No relatório de gerência de 1978, António Cunha fez questão de registar o número e a origem dos turistas que passaram por Viana do Castelo, as obras e até as horas (e o preço a pagar pelas mesmas) que os trabalhadores municipais estiveram nas freguesias. E durante o seu primeiro e único mandato, os investimentos no concelho foram transversais: de caminhos, estradas e instalação de infra-estruturas básicas até campos de futebol. Para fazer essas obras, teve também que comprar máquinas que a Câmara não possuía na altura, incluindo retroescavadoras e camião do lixo. 

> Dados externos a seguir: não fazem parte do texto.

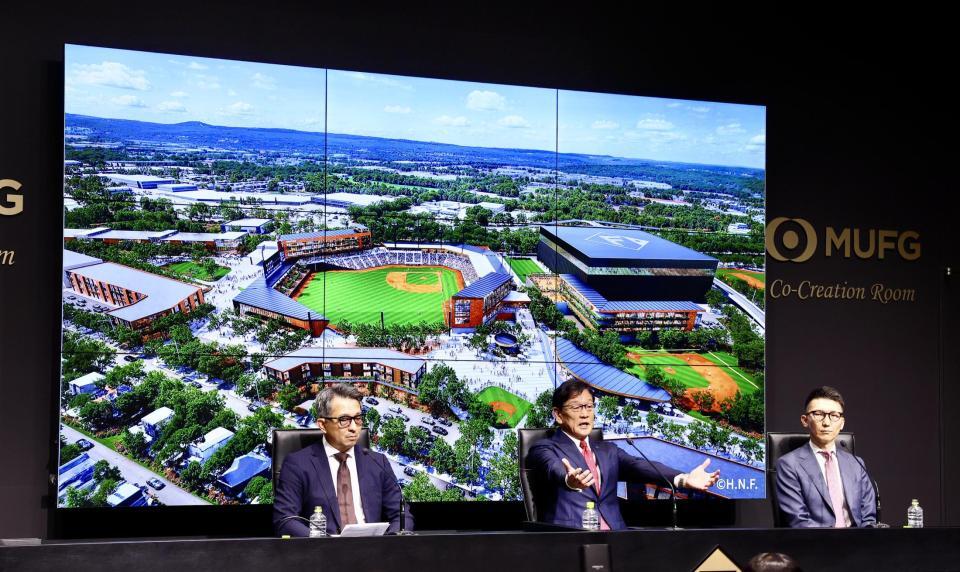 会見後、イメージを背に報道陣の取材を受ける（左から）株式会社ファイターズ　スポーツ＆エンターテイメント・前沢賢代表取締役社長、栗山ＣＢＯ、小林コーポレート本部副本部長（撮影・中島達哉）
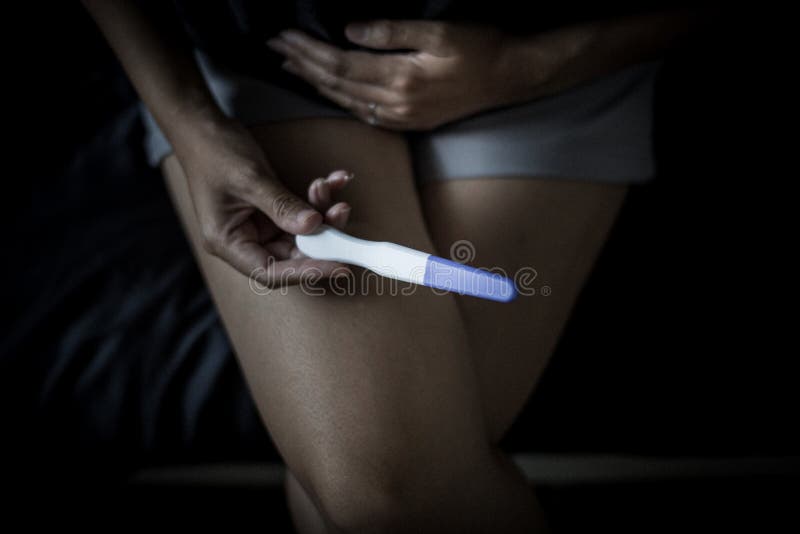 Χέρι γυναικών σχετικά με την κοιλιά της μετά από να εξετάσει τη δοκιμή εγκυμοσύνης στην κρεβατοκάμαρά της, ταινία που τονίζεται στοκ φωτογραφία με δικαίωμα ελεύθερης χρήσης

O filho de António Cunha, que iniciou um programa de celebração do centenário do nascimento pai, que se estende até ao final deste ano, admite a mágoa por ver que o legado que o pai deixou e o facto de ter sido o primeiro presidente da Câmara democraticamente eleito em Viana do Castelo não estão a ser assinalados. “O meu pai entendeu que devia dar o pontapé de saída para o desenvolvimento de Viana. Depois não continuou porque dizia que tinha deixado preparada uma estratégia de sucesso para Viana e estava na hora de regressar para a sua vida empresarial. O meu pai foi o Santos da Cunha de Braga em Viana”, vaticinou o filho Valdemar Cunha.